When a family law matter goes to court, the research found most people are represented by a solicitor-advocate and around a third by a barrister. As most family law matters never go to court, this means only 13% of those with a family law issue of any type used a barrister.
Referrals from solicitors and law firms are the way that most individuals come to use a barrister, even though seven out of ten people knew they could go direct. Some 61% came via solicitor referral, while 27% were also referred but by another individual. In total, referrals are responsible for almost nine out of 10 family law clients using barristers. Only 12% of individuals made direct contact with a barrister without using the referral route.
Perceived cost is a clear deterrent to direct access, even though direct access barristers are more likely to offer fixed fees.
Just over a third of those not taking legal advice from a barrister did consider using a barrister at some point in their family law matter but decided against it. The other two-thirds never considered this option. For almost half (46%), cost was the deterrent - the barrister was considered too expensive or the individual couldn’t afford it.
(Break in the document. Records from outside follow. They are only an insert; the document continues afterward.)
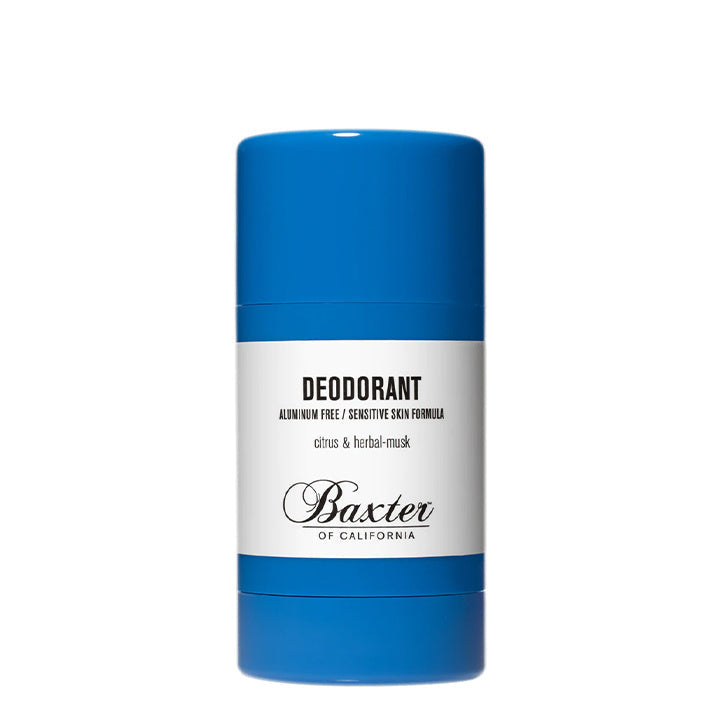 Baxter of California -  Deodorant Stick - Citrus & Herbal Musk 75 gram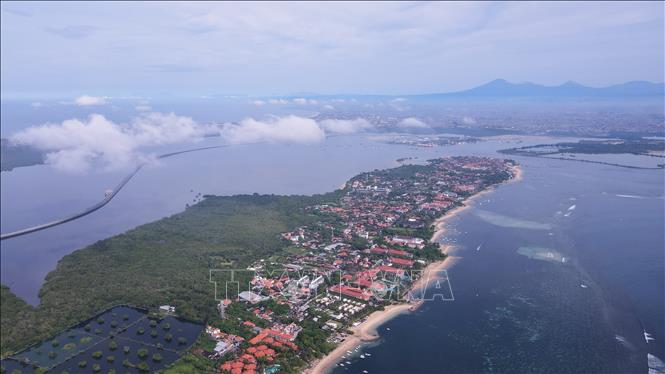 Quang cảnh đảo Bali, Indonesia. Ảnh: THX/TTXVN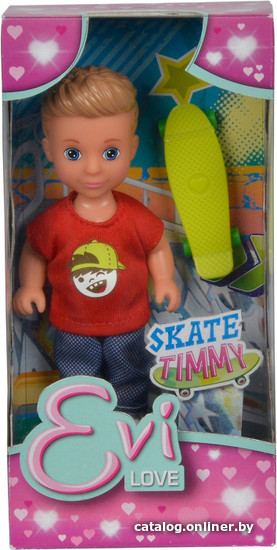 

Кукла Simba Evi LOVE Skate Timmy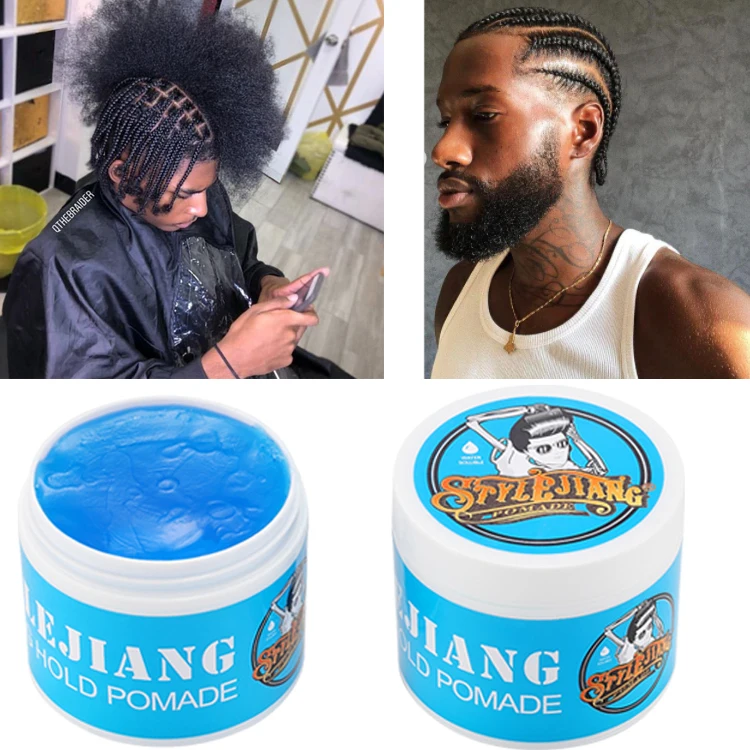 120g professional strong hold hair pomade water based Pomade Wax for Malaysia Sell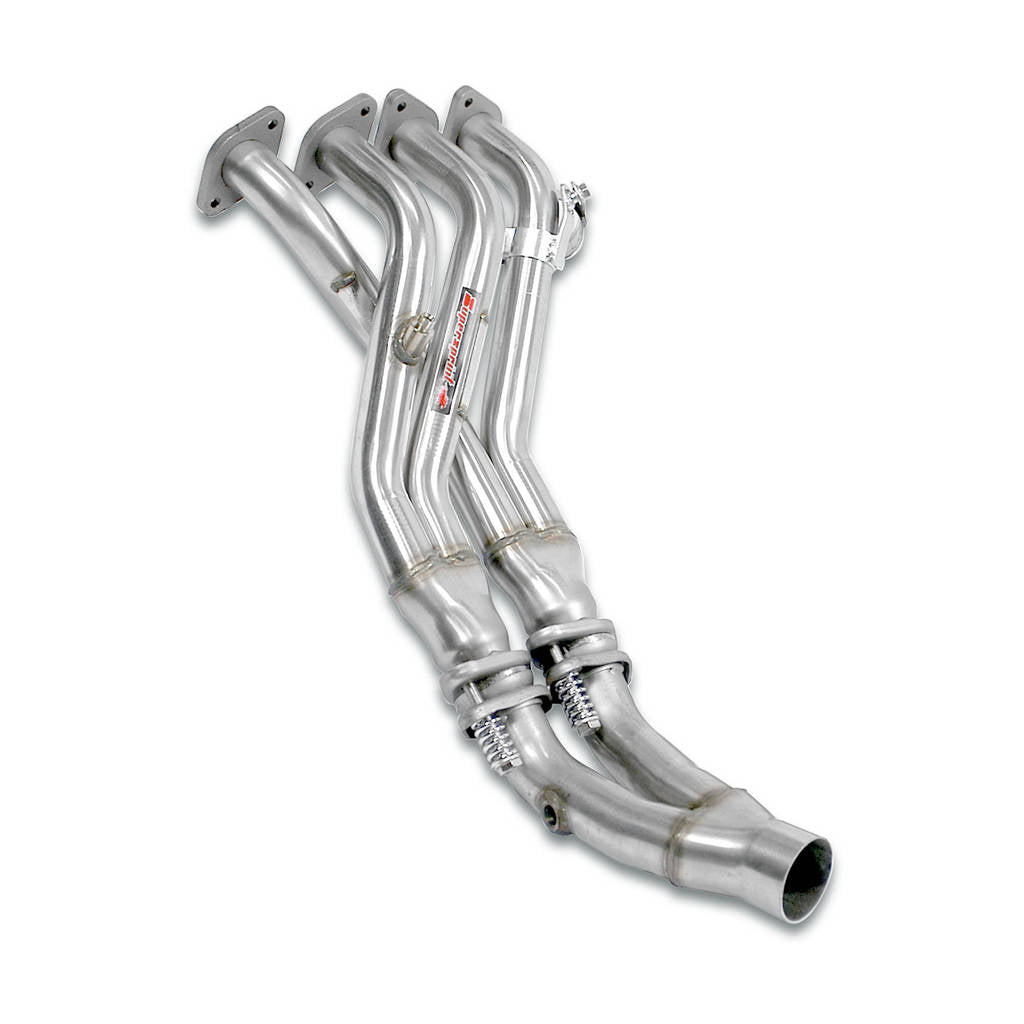 SUPERSPRINT 886901 Manifold Stainless steel for OEM catalytic converter. VW GOLF III GTI Photo-0
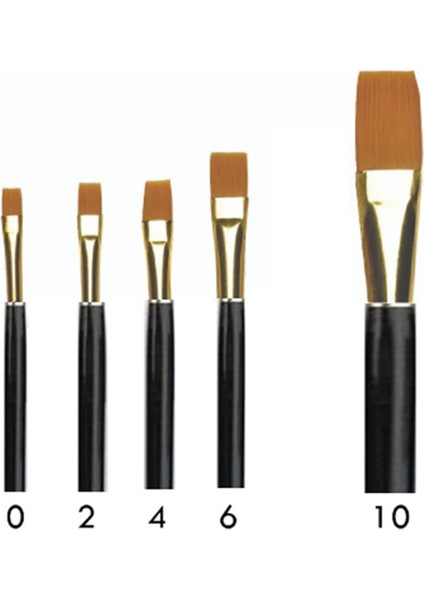 Black Gold Düz Fırça 6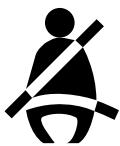 SSANGYONG REXTON - RAPPEL DE CEINTURE DE SECURITE - 1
More than four out of five respondents - 83% - believed that barristers charge higher fees than solicitors and other legal services providers. Of those respondents who did use a barrister, 79% were either ’satisfied’ or ’very satisfied’ with the quality of the service they received.
Some clients referred by solicitors highlighted the limited contact they had with their barrister before going to court, and said that this led to problems with the service they received, such as the barrister not providing enough information to the client, or the barrister not having all the details they needed to provide effective representation.
Although the proportion of those who directly accessed a barrister via the Public Access scheme was low, the research suggests this led to a stronger barrister/client relationship, clients were more likely to access a greater range of services from their barrister, and all of those who used this approach would use the scheme again.
On fees, in most instances these had already been agreed between the solicitor and the barrister and were included in the solicitor’s overall fee. A fee based on the barrister’s time (either hourly rate or daily rate) was the most often quoted option, mentioned by a third of individuals, but a number of barristers offered a reduced rate on their standard hourly or daily fee. Some interviewees note that it was their solicitor that helped them to obtain a reduced fee. Fixed fees were less commonplace but still offered by a fifth of barristers overall.
BSB director of policy and strategy Ewen MacLeod said: ’We are pleased most of the respondents who used a barrister for a family law matter were satisfied with the level of service that they received. But our survey also shows that many people facing a family law matter are unable to access appropriate legal advice for a variety of reasons. They may choose to represent themselves in court or turn to unregulated advisors for help. Having obtained a more complete picture of the experiences of family law clients via this research, it will help inform our future regulatory response to these important issues.’
Family law commentator Tony Roe, principal of Reading firm Tony Roe Solicitors, commented: I don’t find the results of the BSB survey surprising. Parties in family law matters generally need an ongoing relationship with their lawyer rather than a ”hired gun” they might use on a direct access basis for a hearing. Typically, they don’t realise a barrister cannot offer that. Specialist family law solicitors understand that one needs to develop a bond with a client, as well as a strategy, in such emotionally-charged issues.
He added: ’In my experience, fewer barristers offer fixed fees. Hourly rates are more common. As a niche family law practice, we will always talk to potential clients without the clock ticking. As much as anything, this is a risk-management exercise.’